TO DO: Everything from the line with "Stinger Winder Series" to the end of the material is to be retyped exactly, both ends included, and nothing else.

RECORDS FOR PROCESSING:
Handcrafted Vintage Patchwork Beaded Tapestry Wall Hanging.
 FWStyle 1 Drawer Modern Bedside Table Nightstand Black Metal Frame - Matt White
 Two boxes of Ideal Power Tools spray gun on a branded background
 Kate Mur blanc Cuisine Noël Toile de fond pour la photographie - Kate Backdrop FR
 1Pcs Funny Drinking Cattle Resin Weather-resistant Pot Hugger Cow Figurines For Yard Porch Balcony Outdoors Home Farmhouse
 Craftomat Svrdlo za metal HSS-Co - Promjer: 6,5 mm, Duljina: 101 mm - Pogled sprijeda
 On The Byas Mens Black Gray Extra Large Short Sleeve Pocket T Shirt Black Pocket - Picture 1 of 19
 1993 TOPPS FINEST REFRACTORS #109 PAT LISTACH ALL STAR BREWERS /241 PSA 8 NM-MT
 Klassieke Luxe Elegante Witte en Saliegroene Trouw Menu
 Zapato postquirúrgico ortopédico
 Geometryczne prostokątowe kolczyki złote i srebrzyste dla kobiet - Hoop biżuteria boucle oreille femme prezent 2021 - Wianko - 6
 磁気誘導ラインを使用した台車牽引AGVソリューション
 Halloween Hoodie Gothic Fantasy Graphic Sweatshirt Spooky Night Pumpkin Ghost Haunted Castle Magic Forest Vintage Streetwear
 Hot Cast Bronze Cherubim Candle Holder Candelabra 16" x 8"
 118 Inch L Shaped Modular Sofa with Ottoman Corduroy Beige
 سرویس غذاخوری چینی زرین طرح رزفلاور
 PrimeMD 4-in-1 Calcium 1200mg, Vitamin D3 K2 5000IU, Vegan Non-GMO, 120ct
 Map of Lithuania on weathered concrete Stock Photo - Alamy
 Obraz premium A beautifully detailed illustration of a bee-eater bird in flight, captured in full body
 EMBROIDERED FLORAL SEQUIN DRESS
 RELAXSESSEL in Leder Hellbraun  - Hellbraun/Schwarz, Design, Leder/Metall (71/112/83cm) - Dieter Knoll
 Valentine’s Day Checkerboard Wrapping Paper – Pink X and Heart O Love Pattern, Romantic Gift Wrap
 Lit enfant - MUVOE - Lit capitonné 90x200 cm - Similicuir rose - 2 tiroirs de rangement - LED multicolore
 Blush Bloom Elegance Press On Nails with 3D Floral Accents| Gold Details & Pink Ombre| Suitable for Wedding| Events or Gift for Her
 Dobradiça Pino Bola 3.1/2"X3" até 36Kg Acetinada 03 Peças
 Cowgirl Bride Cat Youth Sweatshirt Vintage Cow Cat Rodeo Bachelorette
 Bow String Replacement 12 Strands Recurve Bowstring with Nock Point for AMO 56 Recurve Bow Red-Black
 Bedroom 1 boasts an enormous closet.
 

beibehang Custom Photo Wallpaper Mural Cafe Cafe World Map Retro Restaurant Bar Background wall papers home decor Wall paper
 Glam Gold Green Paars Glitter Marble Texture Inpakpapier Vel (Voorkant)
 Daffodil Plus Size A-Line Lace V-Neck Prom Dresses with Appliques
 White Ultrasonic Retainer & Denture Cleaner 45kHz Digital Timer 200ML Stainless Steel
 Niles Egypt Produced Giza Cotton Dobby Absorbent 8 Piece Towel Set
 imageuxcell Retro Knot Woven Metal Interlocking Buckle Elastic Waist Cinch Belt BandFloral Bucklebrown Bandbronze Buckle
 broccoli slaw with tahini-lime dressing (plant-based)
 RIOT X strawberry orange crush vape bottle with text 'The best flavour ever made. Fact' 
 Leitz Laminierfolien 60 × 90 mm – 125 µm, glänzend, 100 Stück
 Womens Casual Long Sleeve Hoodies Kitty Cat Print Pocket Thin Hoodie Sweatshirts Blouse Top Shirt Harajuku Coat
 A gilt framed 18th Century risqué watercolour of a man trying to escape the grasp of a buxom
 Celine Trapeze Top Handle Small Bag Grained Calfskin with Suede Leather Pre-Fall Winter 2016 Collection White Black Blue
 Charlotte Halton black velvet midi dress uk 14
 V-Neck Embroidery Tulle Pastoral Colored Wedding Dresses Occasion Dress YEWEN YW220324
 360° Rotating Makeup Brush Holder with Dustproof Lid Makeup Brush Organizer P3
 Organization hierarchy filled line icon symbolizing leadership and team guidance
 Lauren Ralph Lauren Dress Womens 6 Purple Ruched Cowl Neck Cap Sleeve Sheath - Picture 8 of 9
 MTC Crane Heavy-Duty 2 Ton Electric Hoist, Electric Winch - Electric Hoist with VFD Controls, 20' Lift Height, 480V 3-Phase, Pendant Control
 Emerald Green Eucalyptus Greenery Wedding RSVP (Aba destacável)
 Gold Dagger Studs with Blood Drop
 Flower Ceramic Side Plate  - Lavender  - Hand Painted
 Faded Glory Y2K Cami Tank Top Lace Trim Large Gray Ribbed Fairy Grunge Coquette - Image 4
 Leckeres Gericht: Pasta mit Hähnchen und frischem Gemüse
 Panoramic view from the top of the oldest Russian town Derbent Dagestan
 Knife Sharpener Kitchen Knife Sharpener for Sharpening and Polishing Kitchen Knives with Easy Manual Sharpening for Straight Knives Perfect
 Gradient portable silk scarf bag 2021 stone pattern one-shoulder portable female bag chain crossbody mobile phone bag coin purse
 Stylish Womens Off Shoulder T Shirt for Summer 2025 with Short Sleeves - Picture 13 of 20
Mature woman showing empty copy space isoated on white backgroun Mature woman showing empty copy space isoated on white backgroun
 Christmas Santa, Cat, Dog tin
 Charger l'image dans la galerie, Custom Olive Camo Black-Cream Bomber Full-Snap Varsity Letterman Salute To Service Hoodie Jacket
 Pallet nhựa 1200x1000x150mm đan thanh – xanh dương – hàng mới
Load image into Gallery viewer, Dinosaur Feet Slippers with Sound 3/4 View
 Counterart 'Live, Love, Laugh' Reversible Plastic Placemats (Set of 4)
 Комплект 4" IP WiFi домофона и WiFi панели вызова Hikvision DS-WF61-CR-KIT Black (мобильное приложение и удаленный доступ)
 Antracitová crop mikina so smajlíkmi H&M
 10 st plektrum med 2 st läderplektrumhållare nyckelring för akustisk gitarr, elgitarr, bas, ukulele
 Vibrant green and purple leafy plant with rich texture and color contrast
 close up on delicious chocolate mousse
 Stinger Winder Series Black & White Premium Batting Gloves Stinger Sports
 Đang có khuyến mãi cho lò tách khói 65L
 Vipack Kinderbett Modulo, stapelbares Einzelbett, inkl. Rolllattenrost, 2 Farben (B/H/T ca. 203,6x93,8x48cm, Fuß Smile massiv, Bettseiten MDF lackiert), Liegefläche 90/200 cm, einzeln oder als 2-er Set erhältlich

RESPONSE BELOW:
 Stinger Winder Series Black & White Premium Batting Gloves Stinger Sports
 Đang có khuyến mãi cho lò tách khói 65L
 Vipack Kinderbett Modulo, stapelbares Einzelbett, inkl. Rolllattenrost, 2 Farben (B/H/T ca. 203,6x93,8x48cm, Fuß Smile massiv, Bettseiten MDF lackiert), Liegefläche 90/200 cm, einzeln oder als 2-er Set erhältlich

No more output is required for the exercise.